• Saved entries:

*-*-*

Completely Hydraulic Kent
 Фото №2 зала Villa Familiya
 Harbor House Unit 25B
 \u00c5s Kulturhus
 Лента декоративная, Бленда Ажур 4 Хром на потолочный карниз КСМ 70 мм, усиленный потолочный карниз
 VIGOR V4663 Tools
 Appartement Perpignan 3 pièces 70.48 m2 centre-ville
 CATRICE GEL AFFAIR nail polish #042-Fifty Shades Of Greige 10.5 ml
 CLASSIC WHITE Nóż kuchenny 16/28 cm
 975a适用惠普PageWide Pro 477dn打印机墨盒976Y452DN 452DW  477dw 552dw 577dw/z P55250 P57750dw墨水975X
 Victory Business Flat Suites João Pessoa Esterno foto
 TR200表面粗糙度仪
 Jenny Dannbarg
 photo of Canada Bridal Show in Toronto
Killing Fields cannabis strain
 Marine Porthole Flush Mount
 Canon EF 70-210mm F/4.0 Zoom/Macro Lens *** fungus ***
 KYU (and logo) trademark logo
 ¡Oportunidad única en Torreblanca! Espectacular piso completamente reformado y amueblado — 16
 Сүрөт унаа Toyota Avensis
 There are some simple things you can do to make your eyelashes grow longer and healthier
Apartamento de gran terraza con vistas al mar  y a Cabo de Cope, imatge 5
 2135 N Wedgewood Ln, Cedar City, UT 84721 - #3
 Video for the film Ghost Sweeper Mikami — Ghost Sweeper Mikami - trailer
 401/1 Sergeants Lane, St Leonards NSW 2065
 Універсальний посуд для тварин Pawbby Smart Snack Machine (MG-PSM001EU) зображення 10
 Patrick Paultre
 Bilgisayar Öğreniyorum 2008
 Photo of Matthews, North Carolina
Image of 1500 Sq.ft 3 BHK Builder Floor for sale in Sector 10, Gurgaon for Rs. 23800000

*-*-*

Using the entries above, please restate each one word for word.

Completely Hydraulic Kent
 Фото №2 зала Villa Familiya
 Harbor House Unit 25B
 \u00c5s Kulturhus
 Лента декоративная, Бленда Ажур 4 Хром на потолочный карниз КСМ 70 мм, усиленный потолочный карниз
 VIGOR V4663 Tools
 Appartement Perpignan 3 pièces 70.48 m2 centre-ville
 CATRICE GEL AFFAIR nail polish #042-Fifty Shades Of Greige 10.5 ml
 CLASSIC WHITE Nóż kuchenny 16/28 cm
 975a适用惠普PageWide Pro 477dn打印机墨盒976Y452DN 452DW  477dw 552dw 577dw/z P55250 P57750dw墨水975X
 Victory Business Flat Suites João Pessoa Esterno foto
 TR200表面粗糙度仪
 Jenny Dannbarg
 photo of Canada Bridal Show in Toronto
Killing Fields cannabis strain
 Marine Porthole Flush Mount
 Canon EF 70-210mm F/4.0 Zoom/Macro Lens *** fungus ***
 KYU (and logo) trademark logo
 ¡Oportunidad única en Torreblanca! Espectacular piso completamente reformado y amueblado — 16
 Сүрөт унаа Toyota Avensis
 There are some simple things you can do to make your eyelashes grow longer and healthier
Apartamento de gran terraza con vistas al mar  y a Cabo de Cope, imatge 5
 2135 N Wedgewood Ln, Cedar City, UT 84721 - #3
 Video for the film Ghost Sweeper Mikami — Ghost Sweeper Mikami - trailer
 401/1 Sergeants Lane, St Leonards NSW 2065
 Універсальний посуд для тварин Pawbby Smart Snack Machine (MG-PSM001EU) зображення 10
 Patrick Paultre
 Bilgisayar Öğreniyorum 2008
 Photo of Matthews, North Carolina
Image of 1500 Sq.ft 3 BHK Builder Floor for sale in Sector 10, Gurgaon for Rs. 23800000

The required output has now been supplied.